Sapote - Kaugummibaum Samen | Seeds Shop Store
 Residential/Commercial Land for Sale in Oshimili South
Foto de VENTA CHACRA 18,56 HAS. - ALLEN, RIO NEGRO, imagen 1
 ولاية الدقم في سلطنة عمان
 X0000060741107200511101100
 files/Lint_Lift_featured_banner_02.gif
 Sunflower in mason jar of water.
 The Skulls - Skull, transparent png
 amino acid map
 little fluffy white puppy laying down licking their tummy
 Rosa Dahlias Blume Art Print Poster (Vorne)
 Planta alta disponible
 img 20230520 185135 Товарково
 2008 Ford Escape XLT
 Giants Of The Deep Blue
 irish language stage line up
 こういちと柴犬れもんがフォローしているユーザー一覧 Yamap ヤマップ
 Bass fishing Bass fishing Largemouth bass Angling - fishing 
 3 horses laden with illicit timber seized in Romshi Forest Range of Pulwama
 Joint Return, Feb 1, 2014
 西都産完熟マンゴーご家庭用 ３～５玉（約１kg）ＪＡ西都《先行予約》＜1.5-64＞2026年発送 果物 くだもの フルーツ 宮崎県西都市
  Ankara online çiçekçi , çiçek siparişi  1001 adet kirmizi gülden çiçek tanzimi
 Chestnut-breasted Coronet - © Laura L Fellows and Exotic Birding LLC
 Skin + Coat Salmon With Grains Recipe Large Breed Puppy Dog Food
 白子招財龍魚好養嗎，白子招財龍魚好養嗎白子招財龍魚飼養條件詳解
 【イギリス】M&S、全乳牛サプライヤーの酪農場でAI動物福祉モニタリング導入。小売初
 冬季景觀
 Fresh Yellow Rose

ABOUT THIS TASK: Lines after the one containing "Giants Of The Deep Blue" are not part of the task. Output the entries exactly from their first line through that one.

PROBLEM SOLUTION:
Sapote - Kaugummibaum Samen | Seeds Shop Store
 Residential/Commercial Land for Sale in Oshimili South
Foto de VENTA CHACRA 18,56 HAS. - ALLEN, RIO NEGRO, imagen 1
 ولاية الدقم في سلطنة عمان
 X0000060741107200511101100
 files/Lint_Lift_featured_banner_02.gif
 Sunflower in mason jar of water.
 The Skulls - Skull, transparent png
 amino acid map
 little fluffy white puppy laying down licking their tummy
 Rosa Dahlias Blume Art Print Poster (Vorne)
 Planta alta disponible
 img 20230520 185135 Товарково
 2008 Ford Escape XLT
 Giants Of The Deep Blue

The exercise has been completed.